Global Manufacturing Growth Shudders Towards A Halt

Sunday, June 3, 2012
By Paul Martin

Edward Hugh
Sunday, June 03, 2012

This months manufacturing PMI data only confirm what several months of prior surveys (and now the latest US jobs report) have been telling us, namely that growth in the developed economies is getting scarcer and scarcer, and harder and harder to come by. Following a brief brief period of stabilisation, which lasted roughly from November last year to this January, conditions have been steadily deteriorating in manufacturing sectors across the planet, with the deterioration being lead by an ongoing decline in new export orders. Roped in together through the various trade channels, the worlds industrial base is now, even in the best of cases, barely ekeing out growth, as can be seen in the fact that the JP Morgan global index registered a mere 50.6 in May, only marginally above the 50 no change level.

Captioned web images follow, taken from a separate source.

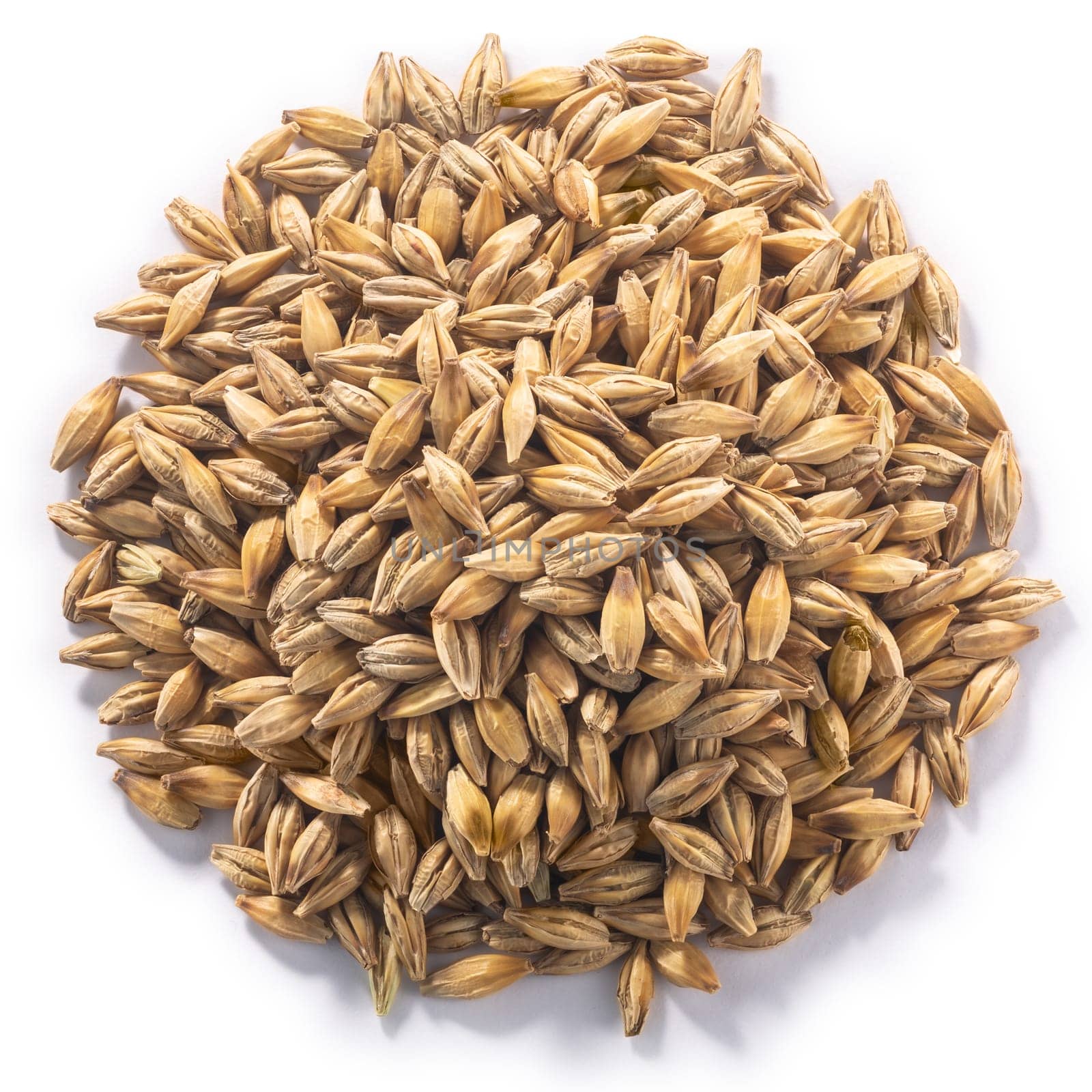 Pile of unhulled Barley (Hordeum vulgare seeds), isolated, top view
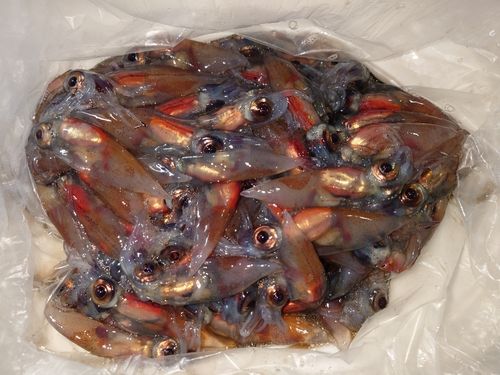 ホタルイカの釣果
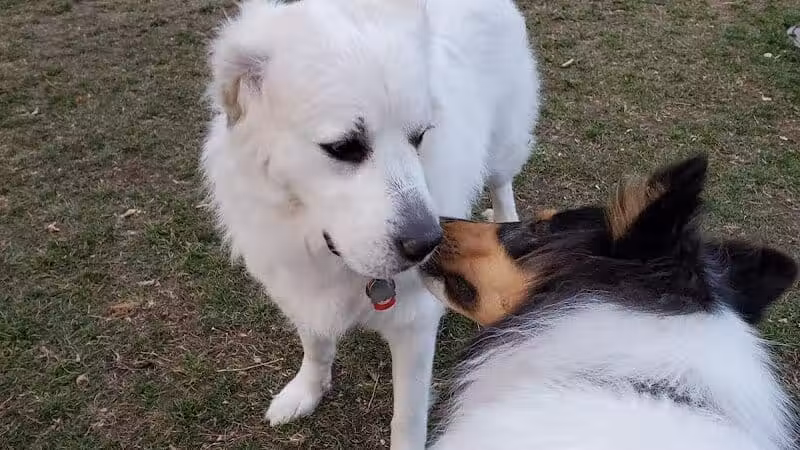 Northern Tail Dog Park - East Lansing,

As the Global report puts it, the main drag on global industry remains Europe, where the Eurozone and UK PMIs fell to three-year lows. PMIs for Germany, France, Italy, Spain, the Netherlands and Greece all signalled contractions. Ireland saw a modest expansion, while Austria edged closer to stagnation. But beyond this activity in Eastern Europe weakened, as it did in Asia and the Americas.

New business continued to contract, with the rate of contraction especially marked, according to the report, in the case of export orders. Manufacturers in Europe, China and Japan all reported reduced levels of new export business, while growth in new exports slowed sharply in the US.

With the world nervously waiting to see how the Greek election process pans out, and where the Spanish government will find the money to recapitalise the country’s banks, the slowdown in China is turning out to be a wild card, which simply punds negative feedback into an already difficult situation.